Task goal:
Could you print exactly the lines from the one that contains "CASIO/G-SHOCKڥ" to the end of the data, both ends included, and nothing else? Skip the pictures.

══ Data section

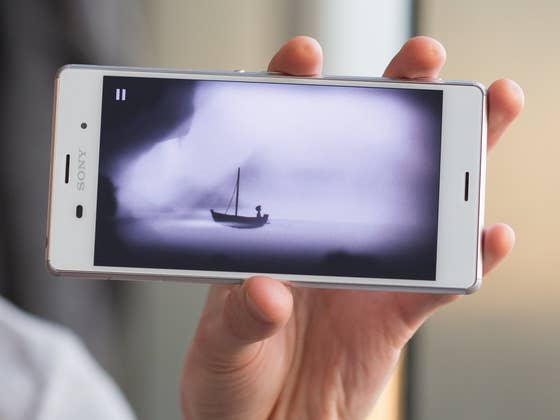 Best puzzle games for Android: a feast for the eyes, a feat for the brain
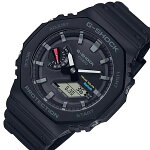 CASIO/G-SHOCKڥ/Gåۥܥ󥳥ɹ¤ޡȥե󥯥顼ӻץʥǥǥ󥺥֥åǥ¹͢ʡGA-B2100-1A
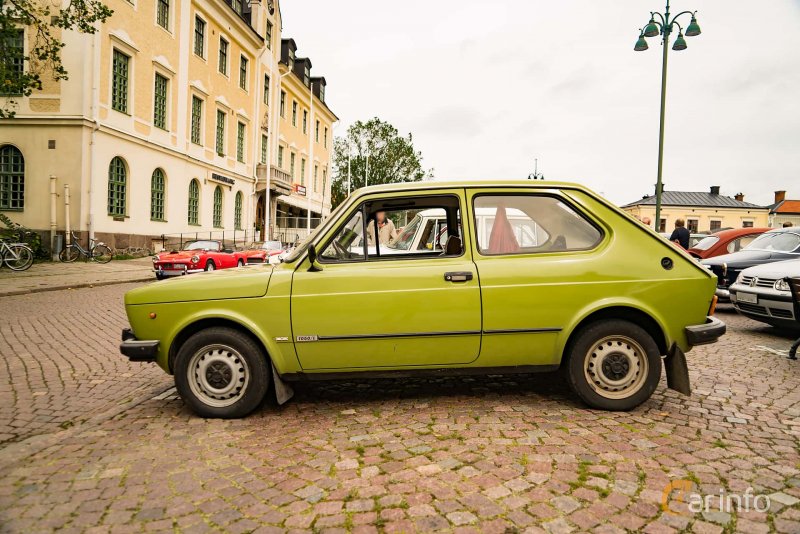 Fiat 127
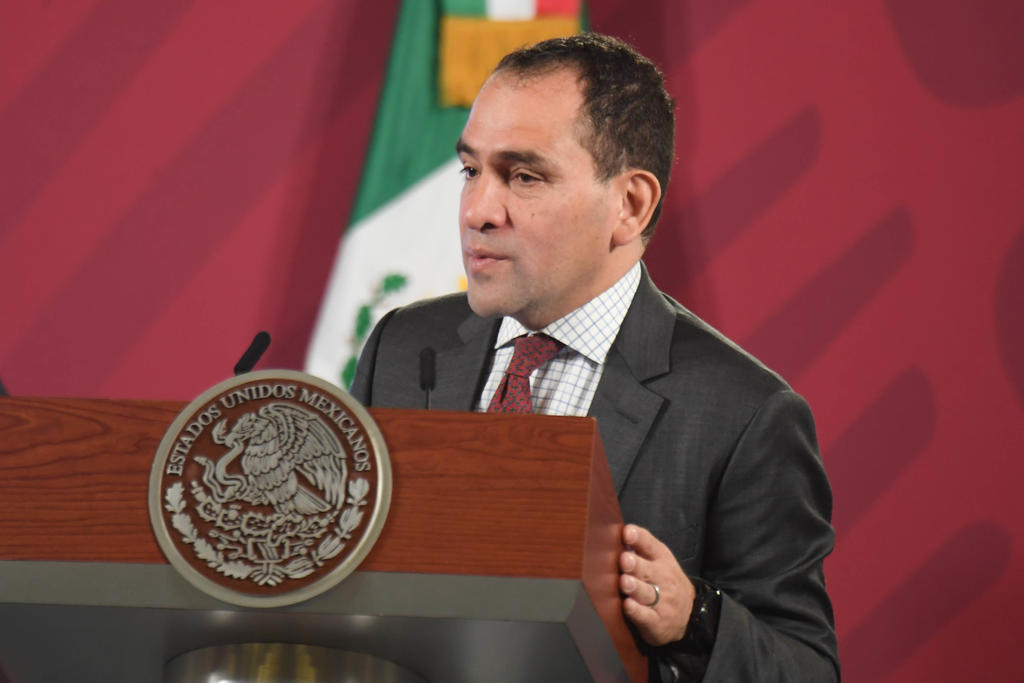 Pacto fiscal fue aprobado con Felipe Calderón: Arturo Herrera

════

Exercise solution:
 CASIO/G-SHOCKڥ/Gåۥܥ󥳥ɹ¤ޡȥե󥯥顼ӻץʥǥǥ󥺥֥åǥ¹͢ʡGA-B2100-1A
 Fiat 127
 Pacto fiscal fue aprobado con Felipe Calderón: Arturo Herrera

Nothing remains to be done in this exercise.